Hyundai Motor Group Executive Chair Chung Euisun has warned that 2026 will be a very difficult year for the global auto industry. In his New Year message, he said rising trade tensions, strong competition, and global conflicts could hurt car companies around the world.
Chung said many risks that companies feared in the past are now becoming real. He explained that profits may fall as costs rise and markets remain unstable. Some companies may even have to stop operations in certain regions because of political or economic problems.
Hyundai has already felt the pressure. The company has been hit hard by tariffs imposed by US President Donald Trump. A 15% tax on cars made in South Korea cost Hyundai about 1.8 trillion won, or nearly $1.2 billion, in just one quarter. On top of this, an immigration raid at a Hyundai–LG Energy Solution factory in the US is expected to delay construction work by two to three months.
Chung also admitted that Hyundai is behind its rivals in artificial intelligence. He said the company needs to work with more partners to improve its AI skills. According to him, global tech leaders have invested huge amounts in AI, while Hyundai’s current abilities are still limited.

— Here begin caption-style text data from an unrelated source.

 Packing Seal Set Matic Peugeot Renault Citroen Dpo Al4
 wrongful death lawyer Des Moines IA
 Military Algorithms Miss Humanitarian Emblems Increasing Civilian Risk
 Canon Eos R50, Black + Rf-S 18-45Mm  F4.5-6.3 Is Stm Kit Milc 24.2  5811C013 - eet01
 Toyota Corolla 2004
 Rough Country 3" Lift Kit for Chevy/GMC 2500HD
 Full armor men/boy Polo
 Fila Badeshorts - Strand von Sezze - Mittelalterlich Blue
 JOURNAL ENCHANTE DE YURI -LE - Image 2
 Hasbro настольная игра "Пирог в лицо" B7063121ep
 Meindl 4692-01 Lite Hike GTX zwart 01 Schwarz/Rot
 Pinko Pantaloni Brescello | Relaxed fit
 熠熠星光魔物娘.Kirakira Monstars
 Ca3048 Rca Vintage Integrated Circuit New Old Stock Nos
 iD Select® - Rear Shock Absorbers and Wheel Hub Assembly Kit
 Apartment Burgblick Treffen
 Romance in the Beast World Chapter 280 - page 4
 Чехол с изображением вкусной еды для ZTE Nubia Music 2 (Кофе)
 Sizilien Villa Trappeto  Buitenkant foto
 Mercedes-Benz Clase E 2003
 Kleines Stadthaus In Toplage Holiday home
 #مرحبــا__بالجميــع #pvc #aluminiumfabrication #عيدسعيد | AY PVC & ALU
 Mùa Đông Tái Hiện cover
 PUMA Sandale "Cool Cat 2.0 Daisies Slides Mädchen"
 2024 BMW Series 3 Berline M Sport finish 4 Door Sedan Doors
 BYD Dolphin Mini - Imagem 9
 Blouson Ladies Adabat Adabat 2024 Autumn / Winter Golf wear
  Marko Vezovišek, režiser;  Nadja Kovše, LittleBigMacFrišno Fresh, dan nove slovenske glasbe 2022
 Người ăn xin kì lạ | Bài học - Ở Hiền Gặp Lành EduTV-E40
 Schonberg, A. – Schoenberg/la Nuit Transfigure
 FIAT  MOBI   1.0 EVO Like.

However, Chung believes Hyundai has a unique strength. As the world moves toward “physical AI,” data from cars, robots, and factories will become very valuable. He said this is something big tech firms cannot easily copy.
Hyundai has already taken steps in this direction. It set up a Robotics Lab in 2019 and later bought Boston Dynamics. The group plans to invest 125 trillion won in South Korea over the next five years in AI, robotics, and new technologies.
Meanwhile, Hyundai’s self-driving unit Motional plans to launch fully driverless Ioniq 5 robotaxis in Las Vegas by the end of this year.